The first figure we encounter is Joseph of Arimathea, the wealthy man who shouldered the responsibility for Christ’s burial. He’s shown holding the hammer and pinchers he used to remove Christ’s body from the Cross. He cannot bear to look at the body of the man he had followed, now empty, lying before him. It is almost as if he were to look, the grief would overwhelm him.
Then, we notice Christ’s own mother, Mary, the one who gave birth to this child born to die. She was there at the foot of the Cross as he died. Now she stands before his lifeless body, clutching her hands in agony. She holds them against herself as if she is holding in her very heart to prevent it from escaping. But she is, isn’t she? Not only is her child dead, but her Savior.
John, the beloved disciple, stands beside Mary. Even in Christ’s own anguish on the Cross, he showed compassion for his mother and presented John as a new son to care for her. Here John seems unable to comfort his new mother, let alone himself. He stands heartbroken, frozen before the body of his Lord in disbelief.
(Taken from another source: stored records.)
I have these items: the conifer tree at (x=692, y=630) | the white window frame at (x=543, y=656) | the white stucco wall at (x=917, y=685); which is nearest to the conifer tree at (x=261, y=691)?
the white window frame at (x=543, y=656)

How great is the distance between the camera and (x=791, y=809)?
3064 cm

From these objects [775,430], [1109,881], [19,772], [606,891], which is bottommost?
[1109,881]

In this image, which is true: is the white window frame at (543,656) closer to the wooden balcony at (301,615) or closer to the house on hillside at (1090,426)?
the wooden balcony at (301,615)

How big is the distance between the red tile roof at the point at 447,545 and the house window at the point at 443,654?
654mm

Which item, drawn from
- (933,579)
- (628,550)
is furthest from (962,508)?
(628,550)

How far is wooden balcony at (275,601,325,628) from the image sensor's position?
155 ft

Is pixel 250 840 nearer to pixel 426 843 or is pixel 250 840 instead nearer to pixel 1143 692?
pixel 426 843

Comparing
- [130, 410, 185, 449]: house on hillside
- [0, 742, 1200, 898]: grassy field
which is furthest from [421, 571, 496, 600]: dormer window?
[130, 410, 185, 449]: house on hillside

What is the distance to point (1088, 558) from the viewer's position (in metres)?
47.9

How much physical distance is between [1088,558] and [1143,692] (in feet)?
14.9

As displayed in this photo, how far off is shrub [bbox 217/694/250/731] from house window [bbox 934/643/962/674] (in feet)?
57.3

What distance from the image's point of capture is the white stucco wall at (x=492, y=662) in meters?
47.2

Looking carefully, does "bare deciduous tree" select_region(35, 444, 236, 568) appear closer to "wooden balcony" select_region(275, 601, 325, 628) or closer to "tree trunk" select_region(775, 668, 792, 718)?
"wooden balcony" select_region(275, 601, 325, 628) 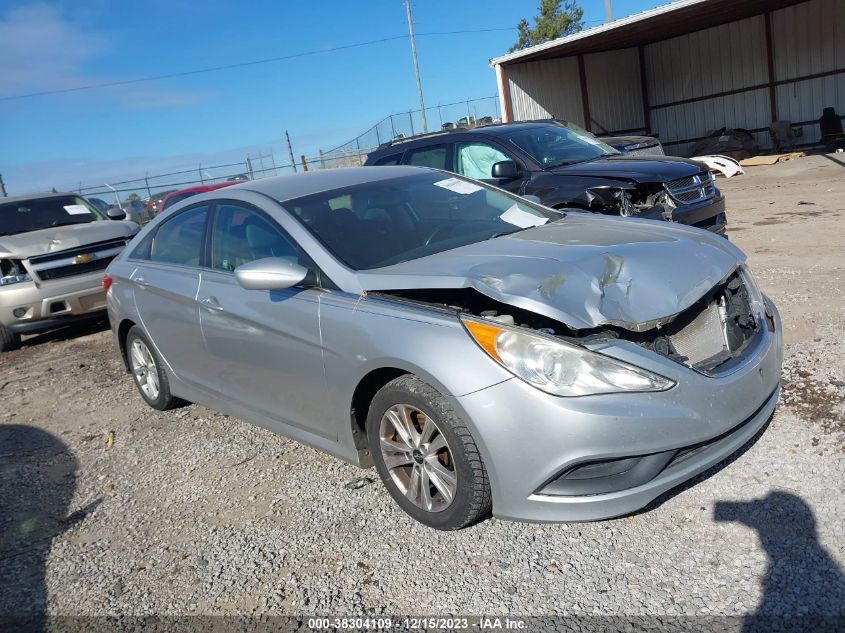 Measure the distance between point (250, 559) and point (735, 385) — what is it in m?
2.24

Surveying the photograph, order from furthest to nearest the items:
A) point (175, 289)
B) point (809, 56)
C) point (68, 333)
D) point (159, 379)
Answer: point (809, 56), point (68, 333), point (159, 379), point (175, 289)

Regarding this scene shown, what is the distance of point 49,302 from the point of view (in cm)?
791

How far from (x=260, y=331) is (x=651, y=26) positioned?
18.9 meters

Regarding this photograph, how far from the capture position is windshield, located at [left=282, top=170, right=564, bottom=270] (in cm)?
378

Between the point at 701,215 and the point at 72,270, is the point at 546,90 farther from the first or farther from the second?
the point at 72,270

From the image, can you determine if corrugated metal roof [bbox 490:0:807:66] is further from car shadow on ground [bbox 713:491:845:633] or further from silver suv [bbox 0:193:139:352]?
car shadow on ground [bbox 713:491:845:633]

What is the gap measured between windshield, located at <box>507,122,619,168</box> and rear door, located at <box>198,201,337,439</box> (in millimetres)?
4322

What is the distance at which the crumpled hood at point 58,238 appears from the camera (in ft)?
26.2

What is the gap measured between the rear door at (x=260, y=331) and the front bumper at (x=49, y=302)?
445 cm

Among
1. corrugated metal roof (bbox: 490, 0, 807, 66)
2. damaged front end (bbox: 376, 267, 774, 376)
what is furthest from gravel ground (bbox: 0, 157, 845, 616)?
corrugated metal roof (bbox: 490, 0, 807, 66)

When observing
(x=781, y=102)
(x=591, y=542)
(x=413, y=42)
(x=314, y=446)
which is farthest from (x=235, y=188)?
(x=413, y=42)

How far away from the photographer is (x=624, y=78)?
24688 millimetres

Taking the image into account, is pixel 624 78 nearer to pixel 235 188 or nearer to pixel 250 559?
pixel 235 188

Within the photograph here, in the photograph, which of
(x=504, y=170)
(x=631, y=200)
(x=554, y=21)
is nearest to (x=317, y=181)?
(x=504, y=170) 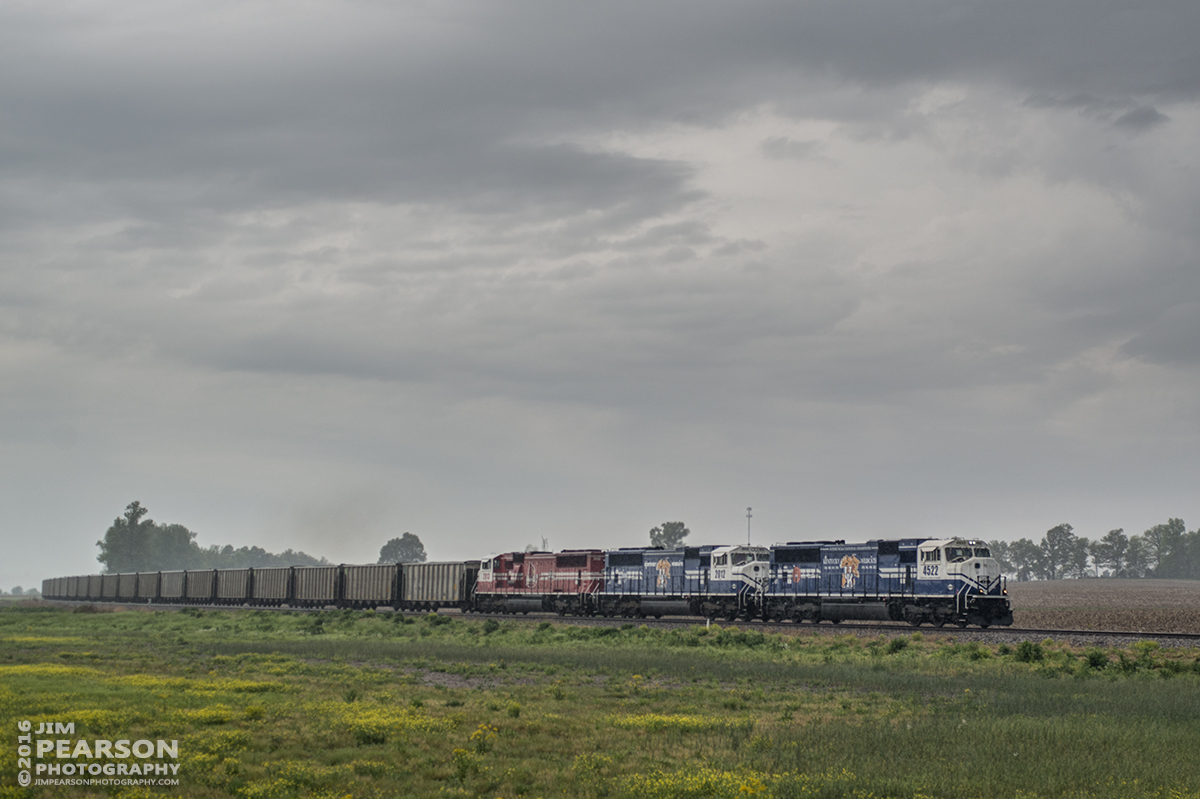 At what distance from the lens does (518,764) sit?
1848 centimetres

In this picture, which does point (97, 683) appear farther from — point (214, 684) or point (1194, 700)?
point (1194, 700)

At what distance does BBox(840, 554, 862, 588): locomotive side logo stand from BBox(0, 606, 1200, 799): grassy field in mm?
9329

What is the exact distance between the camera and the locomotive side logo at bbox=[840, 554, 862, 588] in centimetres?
5278

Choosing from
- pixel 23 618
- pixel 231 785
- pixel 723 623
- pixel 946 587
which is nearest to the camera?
pixel 231 785

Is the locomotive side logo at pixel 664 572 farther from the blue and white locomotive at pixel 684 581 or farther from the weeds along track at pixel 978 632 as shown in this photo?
the weeds along track at pixel 978 632

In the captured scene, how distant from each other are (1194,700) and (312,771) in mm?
22614

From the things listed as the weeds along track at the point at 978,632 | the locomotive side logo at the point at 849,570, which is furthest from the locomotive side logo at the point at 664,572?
the locomotive side logo at the point at 849,570

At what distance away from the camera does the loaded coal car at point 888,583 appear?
4841 centimetres

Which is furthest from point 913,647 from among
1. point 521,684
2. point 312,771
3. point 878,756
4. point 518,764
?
point 312,771

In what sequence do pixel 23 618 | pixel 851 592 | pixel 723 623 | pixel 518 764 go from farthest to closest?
pixel 23 618 < pixel 723 623 < pixel 851 592 < pixel 518 764

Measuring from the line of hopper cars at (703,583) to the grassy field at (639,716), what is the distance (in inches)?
307

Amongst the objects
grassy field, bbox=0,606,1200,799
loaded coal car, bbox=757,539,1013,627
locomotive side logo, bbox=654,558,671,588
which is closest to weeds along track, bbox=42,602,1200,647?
loaded coal car, bbox=757,539,1013,627

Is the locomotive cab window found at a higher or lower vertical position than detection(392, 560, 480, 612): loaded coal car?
higher

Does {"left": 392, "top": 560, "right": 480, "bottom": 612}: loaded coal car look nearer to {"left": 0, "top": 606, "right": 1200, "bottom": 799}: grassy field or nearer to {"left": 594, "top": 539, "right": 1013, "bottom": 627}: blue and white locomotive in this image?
{"left": 594, "top": 539, "right": 1013, "bottom": 627}: blue and white locomotive
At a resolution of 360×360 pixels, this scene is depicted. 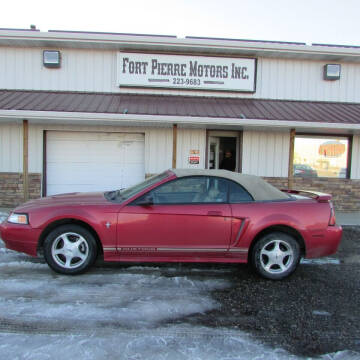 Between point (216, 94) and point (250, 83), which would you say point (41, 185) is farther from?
point (250, 83)

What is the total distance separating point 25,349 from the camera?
8.32 ft

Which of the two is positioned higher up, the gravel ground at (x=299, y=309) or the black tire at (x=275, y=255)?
the black tire at (x=275, y=255)

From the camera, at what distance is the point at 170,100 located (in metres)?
9.08

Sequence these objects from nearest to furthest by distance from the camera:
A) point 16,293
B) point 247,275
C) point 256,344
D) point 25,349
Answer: point 25,349
point 256,344
point 16,293
point 247,275

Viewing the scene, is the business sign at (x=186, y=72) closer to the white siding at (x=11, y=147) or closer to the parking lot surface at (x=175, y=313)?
the white siding at (x=11, y=147)

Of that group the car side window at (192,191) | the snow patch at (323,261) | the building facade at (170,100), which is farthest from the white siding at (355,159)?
the car side window at (192,191)

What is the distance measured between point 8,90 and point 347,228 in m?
9.85

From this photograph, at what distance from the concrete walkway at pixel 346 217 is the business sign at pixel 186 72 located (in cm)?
451

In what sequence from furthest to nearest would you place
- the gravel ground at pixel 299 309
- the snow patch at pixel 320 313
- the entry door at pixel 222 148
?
1. the entry door at pixel 222 148
2. the snow patch at pixel 320 313
3. the gravel ground at pixel 299 309

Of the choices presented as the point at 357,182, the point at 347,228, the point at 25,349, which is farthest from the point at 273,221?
the point at 357,182

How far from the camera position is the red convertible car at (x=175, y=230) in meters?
4.04

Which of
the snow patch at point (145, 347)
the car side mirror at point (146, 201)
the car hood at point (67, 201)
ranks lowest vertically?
the snow patch at point (145, 347)

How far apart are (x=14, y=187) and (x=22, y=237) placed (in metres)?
5.89

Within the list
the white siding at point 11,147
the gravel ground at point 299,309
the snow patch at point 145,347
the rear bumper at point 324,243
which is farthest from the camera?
the white siding at point 11,147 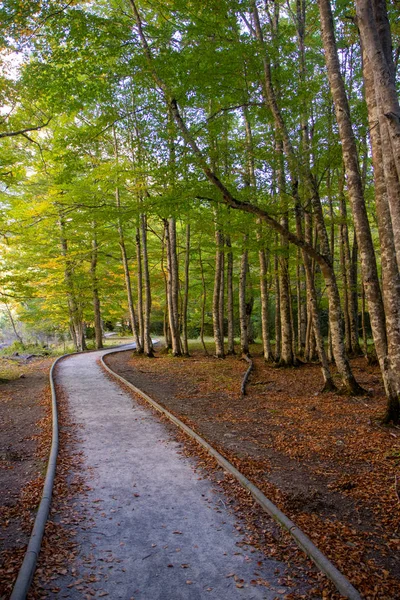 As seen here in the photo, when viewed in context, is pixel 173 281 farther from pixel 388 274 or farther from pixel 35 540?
pixel 35 540

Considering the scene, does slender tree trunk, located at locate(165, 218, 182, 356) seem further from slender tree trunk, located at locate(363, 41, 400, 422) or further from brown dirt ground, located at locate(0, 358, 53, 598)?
slender tree trunk, located at locate(363, 41, 400, 422)

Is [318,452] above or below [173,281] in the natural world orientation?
below

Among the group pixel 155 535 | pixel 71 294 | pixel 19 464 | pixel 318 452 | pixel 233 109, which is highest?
pixel 233 109

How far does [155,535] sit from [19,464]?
303 cm

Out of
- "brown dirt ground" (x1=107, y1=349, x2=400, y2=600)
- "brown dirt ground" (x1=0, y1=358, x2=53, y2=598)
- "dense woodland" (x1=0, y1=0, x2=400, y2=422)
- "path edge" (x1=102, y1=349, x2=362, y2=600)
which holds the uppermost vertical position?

Next is Mary, wife of Clopas. She is mentioned only once in Scripture. In the Gospel of John, she stands with Mary, the mother of God, at the foot of the Cross. It is assumed that she, too, will prepare the body for burial. Early historian Eusebius of Caesarea held that Clopas was St. Joseph’s brother, making this Mary Christ’s aunt. Here she holds her hands out, as if to shield herself from the horror. Her body pushes backwards; we hear her gasps as she chokes on her sorrow.
Lamentation invites us into the raw emotion of the day when all hope seemed lost. The day when it seemed the darkness overcame the light. On Good Friday, sit before Christ’s body, and feel the full weight of grief, not only of that day over 2,000 years ago, but in imagining our own lives without Christ.
Without that weight of grief, we cannot begin to fathom the glory that awaits us.